WHAT THE TASK ASKS.
Reproduce the whole of the data exactly.

[Saved data entries]
__________________________________________________

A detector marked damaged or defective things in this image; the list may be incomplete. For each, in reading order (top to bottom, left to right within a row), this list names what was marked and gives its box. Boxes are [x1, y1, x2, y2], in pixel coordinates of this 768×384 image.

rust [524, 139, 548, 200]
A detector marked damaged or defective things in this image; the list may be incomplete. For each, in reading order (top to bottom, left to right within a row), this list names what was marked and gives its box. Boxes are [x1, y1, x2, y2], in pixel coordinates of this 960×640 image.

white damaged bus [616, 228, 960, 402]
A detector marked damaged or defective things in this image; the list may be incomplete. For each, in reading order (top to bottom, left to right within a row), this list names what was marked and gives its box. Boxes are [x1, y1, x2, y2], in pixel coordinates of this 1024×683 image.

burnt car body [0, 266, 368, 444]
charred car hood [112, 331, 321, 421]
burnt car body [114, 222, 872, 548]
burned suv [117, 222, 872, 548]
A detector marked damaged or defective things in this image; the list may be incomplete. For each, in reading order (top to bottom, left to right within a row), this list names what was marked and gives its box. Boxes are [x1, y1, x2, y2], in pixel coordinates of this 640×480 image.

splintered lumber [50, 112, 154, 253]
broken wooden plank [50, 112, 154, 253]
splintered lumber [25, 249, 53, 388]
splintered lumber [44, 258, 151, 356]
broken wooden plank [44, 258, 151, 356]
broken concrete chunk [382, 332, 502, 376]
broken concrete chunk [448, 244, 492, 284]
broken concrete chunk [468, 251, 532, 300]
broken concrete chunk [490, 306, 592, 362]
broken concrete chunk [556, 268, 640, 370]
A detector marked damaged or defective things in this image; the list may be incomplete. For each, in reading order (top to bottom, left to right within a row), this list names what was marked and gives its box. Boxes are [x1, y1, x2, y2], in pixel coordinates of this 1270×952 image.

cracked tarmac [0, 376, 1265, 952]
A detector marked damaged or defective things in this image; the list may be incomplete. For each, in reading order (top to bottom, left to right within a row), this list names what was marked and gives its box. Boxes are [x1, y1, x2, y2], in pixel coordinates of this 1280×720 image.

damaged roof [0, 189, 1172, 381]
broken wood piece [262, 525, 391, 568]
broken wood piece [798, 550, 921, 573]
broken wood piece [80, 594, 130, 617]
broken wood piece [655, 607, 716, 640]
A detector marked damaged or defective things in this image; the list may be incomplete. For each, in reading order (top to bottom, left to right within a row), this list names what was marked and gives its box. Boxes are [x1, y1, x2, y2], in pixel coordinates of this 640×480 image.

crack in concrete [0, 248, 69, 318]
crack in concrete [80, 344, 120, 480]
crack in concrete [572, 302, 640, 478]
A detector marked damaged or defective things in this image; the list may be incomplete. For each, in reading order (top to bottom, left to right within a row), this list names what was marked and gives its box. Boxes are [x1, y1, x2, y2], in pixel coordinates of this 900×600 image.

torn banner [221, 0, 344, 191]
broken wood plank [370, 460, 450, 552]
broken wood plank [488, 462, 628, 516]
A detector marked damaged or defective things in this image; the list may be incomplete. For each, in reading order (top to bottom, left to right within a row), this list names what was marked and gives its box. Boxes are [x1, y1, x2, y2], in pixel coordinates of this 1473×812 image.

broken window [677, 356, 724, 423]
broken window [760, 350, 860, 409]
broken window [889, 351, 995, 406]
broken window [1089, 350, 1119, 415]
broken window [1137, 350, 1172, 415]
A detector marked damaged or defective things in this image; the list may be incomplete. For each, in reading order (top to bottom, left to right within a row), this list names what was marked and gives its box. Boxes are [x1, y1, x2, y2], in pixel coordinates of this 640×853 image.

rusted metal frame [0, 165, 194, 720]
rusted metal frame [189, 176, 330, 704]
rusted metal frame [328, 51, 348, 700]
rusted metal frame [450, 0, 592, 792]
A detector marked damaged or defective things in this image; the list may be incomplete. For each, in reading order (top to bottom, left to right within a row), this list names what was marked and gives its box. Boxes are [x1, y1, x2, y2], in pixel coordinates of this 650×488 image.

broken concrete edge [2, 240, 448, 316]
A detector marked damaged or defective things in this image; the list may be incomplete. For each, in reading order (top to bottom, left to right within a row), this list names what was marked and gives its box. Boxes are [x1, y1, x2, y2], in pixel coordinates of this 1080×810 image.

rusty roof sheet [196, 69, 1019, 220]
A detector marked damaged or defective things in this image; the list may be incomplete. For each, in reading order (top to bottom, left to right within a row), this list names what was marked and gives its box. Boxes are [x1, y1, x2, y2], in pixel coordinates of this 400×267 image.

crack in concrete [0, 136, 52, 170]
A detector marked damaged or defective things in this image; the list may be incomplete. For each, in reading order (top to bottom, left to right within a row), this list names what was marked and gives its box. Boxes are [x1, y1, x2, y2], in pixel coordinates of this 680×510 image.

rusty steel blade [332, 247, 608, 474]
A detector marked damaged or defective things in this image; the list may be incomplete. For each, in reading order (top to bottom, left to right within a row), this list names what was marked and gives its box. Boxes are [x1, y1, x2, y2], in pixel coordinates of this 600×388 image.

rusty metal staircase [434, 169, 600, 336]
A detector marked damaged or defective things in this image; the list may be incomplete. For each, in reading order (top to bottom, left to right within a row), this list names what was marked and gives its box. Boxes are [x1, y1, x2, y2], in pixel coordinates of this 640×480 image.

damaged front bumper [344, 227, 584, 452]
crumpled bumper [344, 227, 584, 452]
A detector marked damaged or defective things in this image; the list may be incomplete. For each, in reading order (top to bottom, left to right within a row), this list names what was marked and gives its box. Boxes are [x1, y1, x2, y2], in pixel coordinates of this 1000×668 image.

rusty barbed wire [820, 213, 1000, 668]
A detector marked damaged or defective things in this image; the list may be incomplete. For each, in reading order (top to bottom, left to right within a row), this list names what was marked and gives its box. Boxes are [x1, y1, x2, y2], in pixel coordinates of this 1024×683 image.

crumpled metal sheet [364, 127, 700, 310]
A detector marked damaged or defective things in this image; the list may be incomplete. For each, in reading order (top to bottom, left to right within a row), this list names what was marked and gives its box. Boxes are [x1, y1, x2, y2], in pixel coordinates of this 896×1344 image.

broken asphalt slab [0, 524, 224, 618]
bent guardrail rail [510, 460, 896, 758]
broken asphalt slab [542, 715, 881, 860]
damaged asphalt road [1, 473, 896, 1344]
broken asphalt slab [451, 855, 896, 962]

__________________________________________________

THE ANSWER.
A detector marked damaged or defective things in this image; the list may be incomplete. For each, in reading order (top to bottom, left to right within a row), this list names what was marked and gives its box. Boxes are [x1, y1, x2, y2], in pixel coordinates of this 768×384 image.

rust [524, 139, 548, 200]
A detector marked damaged or defective things in this image; the list may be incomplete. For each, in reading order (top to bottom, left to right within a row), this list names what was marked and gives its box. Boxes are [x1, y1, x2, y2], in pixel coordinates of this 960×640 image.

white damaged bus [616, 228, 960, 402]
A detector marked damaged or defective things in this image; the list may be incomplete. For each, in reading order (top to bottom, left to right within a row), this list names what was marked and gives its box. Boxes are [x1, y1, x2, y2], in pixel coordinates of this 1024×683 image.

burnt car body [0, 266, 368, 444]
charred car hood [112, 331, 321, 421]
burnt car body [114, 222, 872, 548]
burned suv [117, 222, 872, 548]
A detector marked damaged or defective things in this image; the list may be incomplete. For each, in reading order (top to bottom, left to right within a row), this list names what was marked and gives its box. Boxes are [x1, y1, x2, y2], in pixel coordinates of this 640×480 image.

splintered lumber [50, 112, 154, 253]
broken wooden plank [50, 112, 154, 253]
splintered lumber [25, 249, 53, 388]
splintered lumber [44, 258, 151, 356]
broken wooden plank [44, 258, 151, 356]
broken concrete chunk [382, 332, 502, 376]
broken concrete chunk [448, 244, 492, 284]
broken concrete chunk [468, 251, 532, 300]
broken concrete chunk [490, 306, 592, 362]
broken concrete chunk [556, 268, 640, 370]
A detector marked damaged or defective things in this image; the list may be incomplete. For each, in reading order (top to bottom, left to right within a row), this list names what was marked and gives its box. Boxes are [x1, y1, x2, y2], in pixel coordinates of this 1270×952 image.

cracked tarmac [0, 376, 1265, 952]
A detector marked damaged or defective things in this image; the list may be incomplete. For each, in reading order (top to bottom, left to right within a row), this list names what was marked and gives its box. Boxes are [x1, y1, x2, y2], in pixel coordinates of this 1280×720 image.

damaged roof [0, 189, 1172, 381]
broken wood piece [262, 525, 391, 568]
broken wood piece [798, 550, 921, 573]
broken wood piece [80, 594, 130, 617]
broken wood piece [655, 607, 716, 640]
A detector marked damaged or defective things in this image; the list may be incomplete. For each, in reading order (top to bottom, left to right within a row), this list names what was marked and gives its box. Boxes are [x1, y1, x2, y2], in pixel coordinates of this 640×480 image.

crack in concrete [0, 248, 69, 318]
crack in concrete [80, 344, 120, 480]
crack in concrete [572, 302, 640, 478]
A detector marked damaged or defective things in this image; the list may be incomplete. For each, in reading order (top to bottom, left to right within a row), this list names what was marked and gives its box. Boxes are [x1, y1, x2, y2], in pixel coordinates of this 900×600 image.

torn banner [221, 0, 344, 191]
broken wood plank [370, 460, 450, 552]
broken wood plank [488, 462, 628, 516]
A detector marked damaged or defective things in this image; the list may be incomplete. For each, in reading order (top to bottom, left to right within a row), this list names what was marked and gives its box. Boxes are [x1, y1, x2, y2], in pixel coordinates of this 1473×812 image.

broken window [677, 356, 724, 423]
broken window [760, 350, 860, 409]
broken window [889, 351, 995, 406]
broken window [1089, 350, 1119, 415]
broken window [1137, 350, 1172, 415]
A detector marked damaged or defective things in this image; the list may be incomplete. For each, in reading order (top to bottom, left to right within a row), this list names what was marked and gives its box. Boxes are [x1, y1, x2, y2], in pixel coordinates of this 640×853 image.

rusted metal frame [0, 165, 194, 720]
rusted metal frame [189, 176, 330, 704]
rusted metal frame [328, 51, 348, 700]
rusted metal frame [450, 0, 592, 792]
A detector marked damaged or defective things in this image; the list may be incomplete. For each, in reading order (top to bottom, left to right within a row), this list names what was marked and gives its box. Boxes are [x1, y1, x2, y2], in pixel coordinates of this 650×488 image.

broken concrete edge [2, 240, 448, 316]
A detector marked damaged or defective things in this image; the list may be incomplete. For each, in reading order (top to bottom, left to right within a row), this list names what was marked and gives its box. Boxes are [x1, y1, x2, y2], in pixel coordinates of this 1080×810 image.

rusty roof sheet [196, 69, 1019, 220]
A detector marked damaged or defective things in this image; the list may be incomplete. For each, in reading order (top to bottom, left to right within a row), this list names what was marked and gives its box. Boxes are [x1, y1, x2, y2], in pixel coordinates of this 400×267 image.

crack in concrete [0, 136, 52, 170]
A detector marked damaged or defective things in this image; the list may be incomplete. For each, in reading order (top to bottom, left to right within a row), this list names what was marked and gives its box. Boxes are [x1, y1, x2, y2], in pixel coordinates of this 680×510 image.

rusty steel blade [332, 247, 608, 474]
A detector marked damaged or defective things in this image; the list may be incomplete. For each, in reading order (top to bottom, left to right within a row), this list names what was marked and gives its box. Boxes are [x1, y1, x2, y2], in pixel coordinates of this 600×388 image.

rusty metal staircase [434, 169, 600, 336]
A detector marked damaged or defective things in this image; the list may be incomplete. For each, in reading order (top to bottom, left to right within a row), this list names what was marked and gives its box. Boxes are [x1, y1, x2, y2], in pixel coordinates of this 640×480 image.

damaged front bumper [344, 227, 584, 452]
crumpled bumper [344, 227, 584, 452]
A detector marked damaged or defective things in this image; the list may be incomplete. For each, in reading order (top to bottom, left to right within a row), this list names what was marked and gives its box. Boxes are [x1, y1, x2, y2], in pixel coordinates of this 1000×668 image.

rusty barbed wire [820, 213, 1000, 668]
A detector marked damaged or defective things in this image; the list may be incomplete. For each, in reading order (top to bottom, left to right within a row), this list names what was marked and gives its box. Boxes are [x1, y1, x2, y2], in pixel coordinates of this 1024×683 image.

crumpled metal sheet [364, 127, 700, 310]
A detector marked damaged or defective things in this image; the list may be incomplete. For each, in reading order (top to bottom, left to right within a row), this list names what was marked and gives its box. Boxes are [x1, y1, x2, y2], in pixel coordinates of this 896×1344 image.

broken asphalt slab [0, 524, 224, 618]
bent guardrail rail [510, 460, 896, 758]
broken asphalt slab [542, 715, 881, 860]
damaged asphalt road [1, 473, 896, 1344]
broken asphalt slab [451, 855, 896, 962]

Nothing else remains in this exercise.